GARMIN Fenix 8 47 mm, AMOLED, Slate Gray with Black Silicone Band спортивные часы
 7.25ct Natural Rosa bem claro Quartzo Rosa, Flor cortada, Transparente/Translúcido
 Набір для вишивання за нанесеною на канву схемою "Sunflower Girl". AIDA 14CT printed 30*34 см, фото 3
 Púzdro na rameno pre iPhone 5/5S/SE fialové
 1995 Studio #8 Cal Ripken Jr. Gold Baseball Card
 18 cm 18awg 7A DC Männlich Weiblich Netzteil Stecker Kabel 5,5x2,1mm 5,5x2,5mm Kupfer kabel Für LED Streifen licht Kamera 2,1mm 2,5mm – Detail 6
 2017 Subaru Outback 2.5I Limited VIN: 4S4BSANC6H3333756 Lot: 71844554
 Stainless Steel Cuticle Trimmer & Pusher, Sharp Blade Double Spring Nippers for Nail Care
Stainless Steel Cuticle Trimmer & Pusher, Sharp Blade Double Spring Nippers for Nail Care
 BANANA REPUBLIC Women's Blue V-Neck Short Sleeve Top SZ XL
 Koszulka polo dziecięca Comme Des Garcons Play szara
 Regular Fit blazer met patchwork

* **Problem description**: Across the whole listing above, report each line that includes "Steel".

* **Your response**:
 Stainless Steel Cuticle Trimmer & Pusher, Sharp Blade Double Spring Nippers for Nail Care
Stainless Steel Cuticle Trimmer & Pusher, Sharp Blade Double Spring Nippers for Nail Care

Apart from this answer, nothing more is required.